TASK REQUIREMENTS ▸ Only the lines from the one with "Picture 1 of 12" through the last line of the data below are to be duplicated, exactly and without pictures.
Segment Start: RECORDS PROVIDED
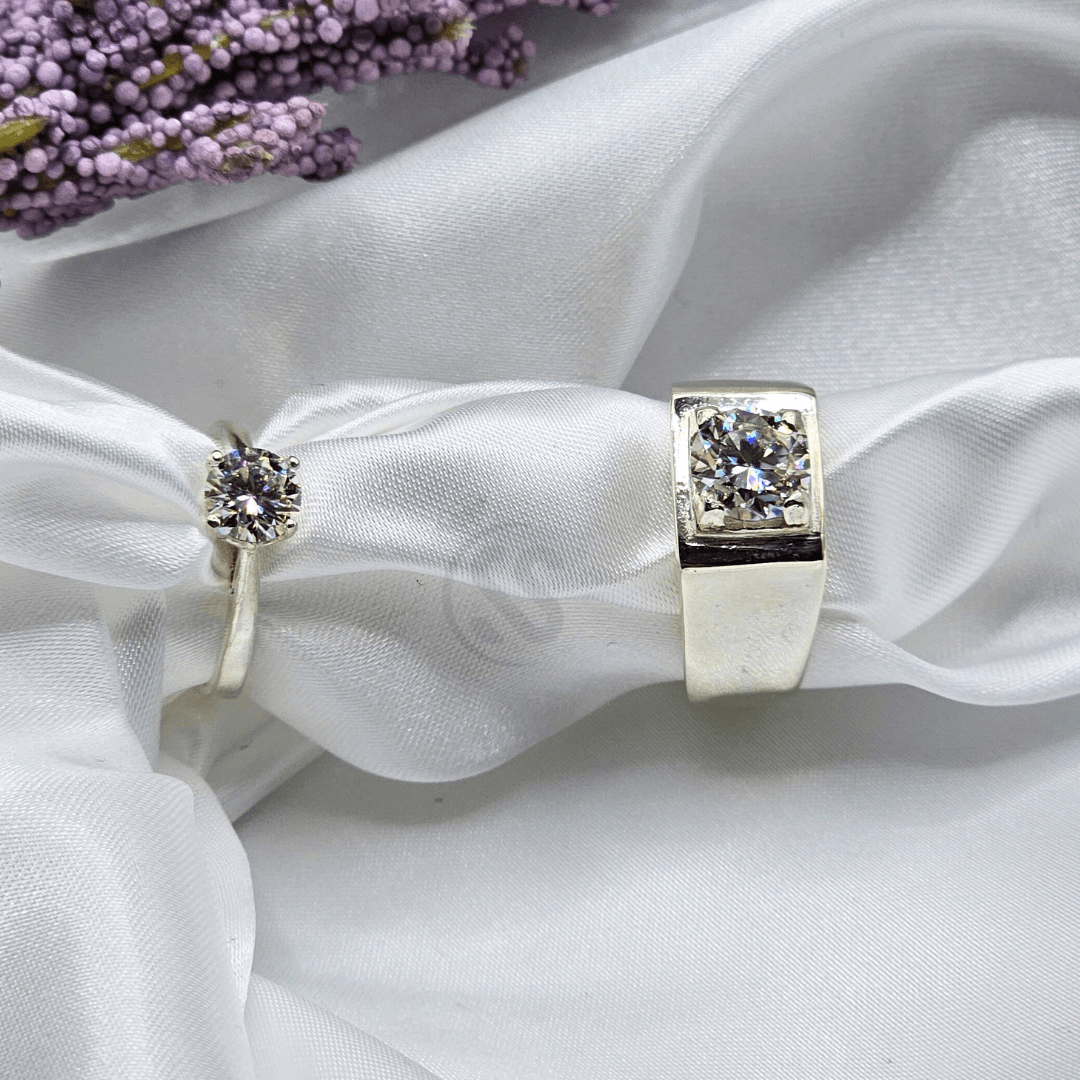 Couple 925 italian Silver Rings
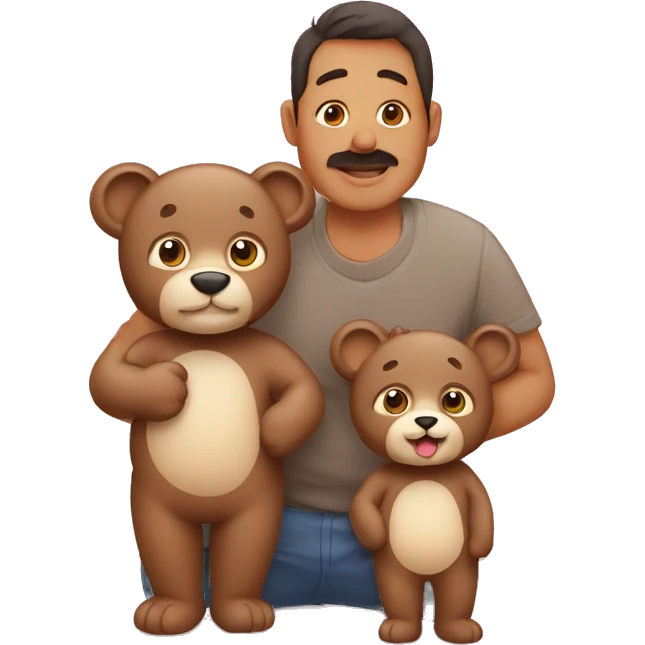 familia de ositos (mamà,papà y bebè) tiernos emoji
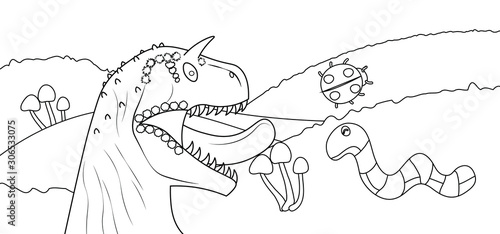 A giant dinosaur eating looking for food big size bugs in a jungle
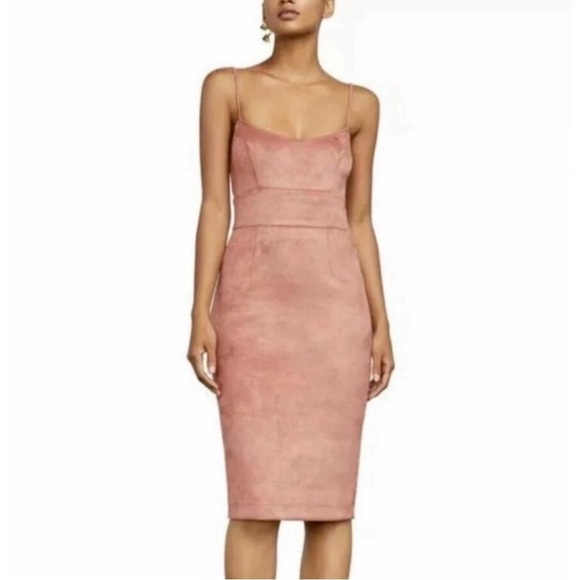 BCBGMAXAZRIA “Alese” Faux Suede Bodycon Dress - Rosedawn - Size M - Picture 1 of 12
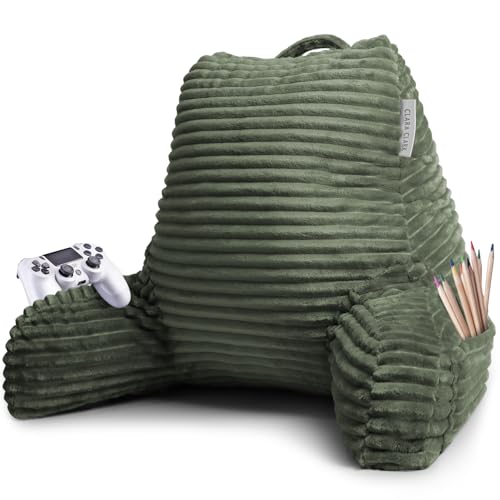 Clara Clark Reading Pillow for Bed Adult – Back Pillow for Sitting in Bed, Standard Bed Pillows for Sitting Up in Bed, Foam Bed Chair Pillow, Olive Green Bed Rest Pillow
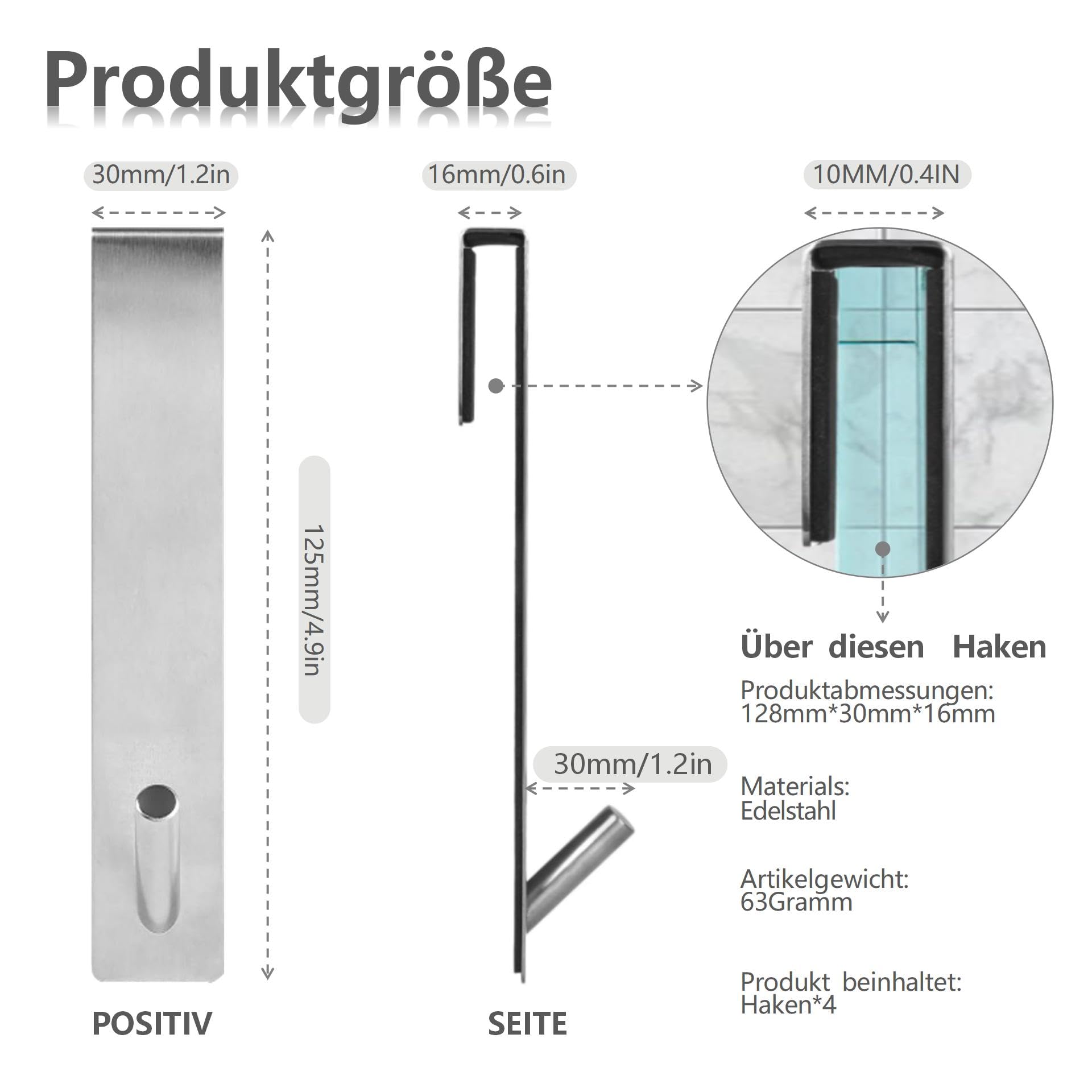 4 STK 12.5CM Edelstahl Duschhaken für Glaswand ohne Bohren, Haken Duschwand mit Schutzmatte, Duschhaken für Glaswand, Handtuchhalter Dusche Glaswand für Glasstärken ≤ 10mm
Segment End: RECORDS PROVIDED
EXERCISE OUTPUT ▸
 BCBGMAXAZRIA “Alese” Faux Suede Bodycon Dress - Rosedawn - Size M - Picture 1 of 12
 Clara Clark Reading Pillow for Bed Adult – Back Pillow for Sitting in Bed, Standard Bed Pillows for Sitting Up in Bed, Foam Bed Chair Pillow, Olive Green Bed Rest Pillow
 4 STK 12.5CM Edelstahl Duschhaken für Glaswand ohne Bohren, Haken Duschwand mit Schutzmatte, Duschhaken für Glaswand, Handtuchhalter Dusche Glaswand für Glasstärken ≤ 10mm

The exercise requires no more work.